All lines from the opening of the data to the line containing "17 Photograph of" must be returned unchanged, and only those lines.

Source records:
::::

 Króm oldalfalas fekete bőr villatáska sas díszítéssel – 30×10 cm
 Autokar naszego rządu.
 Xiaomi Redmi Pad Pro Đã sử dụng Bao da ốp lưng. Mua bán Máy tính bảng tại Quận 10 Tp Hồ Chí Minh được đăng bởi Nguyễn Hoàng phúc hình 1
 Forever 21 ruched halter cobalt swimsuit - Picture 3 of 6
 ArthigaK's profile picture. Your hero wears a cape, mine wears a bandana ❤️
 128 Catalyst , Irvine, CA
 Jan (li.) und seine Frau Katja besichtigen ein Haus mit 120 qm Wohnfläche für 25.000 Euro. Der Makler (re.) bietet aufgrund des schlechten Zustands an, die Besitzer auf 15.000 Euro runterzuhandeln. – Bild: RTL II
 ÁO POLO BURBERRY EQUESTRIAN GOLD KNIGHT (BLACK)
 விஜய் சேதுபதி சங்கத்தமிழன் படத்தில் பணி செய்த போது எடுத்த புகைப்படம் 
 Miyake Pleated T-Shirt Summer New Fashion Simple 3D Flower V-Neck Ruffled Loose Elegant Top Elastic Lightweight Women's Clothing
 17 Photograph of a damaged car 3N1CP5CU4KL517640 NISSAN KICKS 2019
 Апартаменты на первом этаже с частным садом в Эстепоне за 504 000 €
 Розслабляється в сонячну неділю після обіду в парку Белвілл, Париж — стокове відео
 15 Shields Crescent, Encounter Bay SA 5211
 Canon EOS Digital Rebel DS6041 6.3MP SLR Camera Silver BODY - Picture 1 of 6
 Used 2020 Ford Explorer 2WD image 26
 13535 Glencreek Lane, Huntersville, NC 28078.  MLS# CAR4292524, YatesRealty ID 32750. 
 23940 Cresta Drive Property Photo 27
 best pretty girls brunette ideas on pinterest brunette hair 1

::::

Solved problem:
 Króm oldalfalas fekete bőr villatáska sas díszítéssel – 30×10 cm
 Autokar naszego rządu.
 Xiaomi Redmi Pad Pro Đã sử dụng Bao da ốp lưng. Mua bán Máy tính bảng tại Quận 10 Tp Hồ Chí Minh được đăng bởi Nguyễn Hoàng phúc hình 1
 Forever 21 ruched halter cobalt swimsuit - Picture 3 of 6
 ArthigaK's profile picture. Your hero wears a cape, mine wears a bandana ❤️
 128 Catalyst , Irvine, CA
 Jan (li.) und seine Frau Katja besichtigen ein Haus mit 120 qm Wohnfläche für 25.000 Euro. Der Makler (re.) bietet aufgrund des schlechten Zustands an, die Besitzer auf 15.000 Euro runterzuhandeln. – Bild: RTL II
 ÁO POLO BURBERRY EQUESTRIAN GOLD KNIGHT (BLACK)
 விஜய் சேதுபதி சங்கத்தமிழன் படத்தில் பணி செய்த போது எடுத்த புகைப்படம் 
 Miyake Pleated T-Shirt Summer New Fashion Simple 3D Flower V-Neck Ruffled Loose Elegant Top Elastic Lightweight Women's Clothing
 17 Photograph of a damaged car 3N1CP5CU4KL517640 NISSAN KICKS 2019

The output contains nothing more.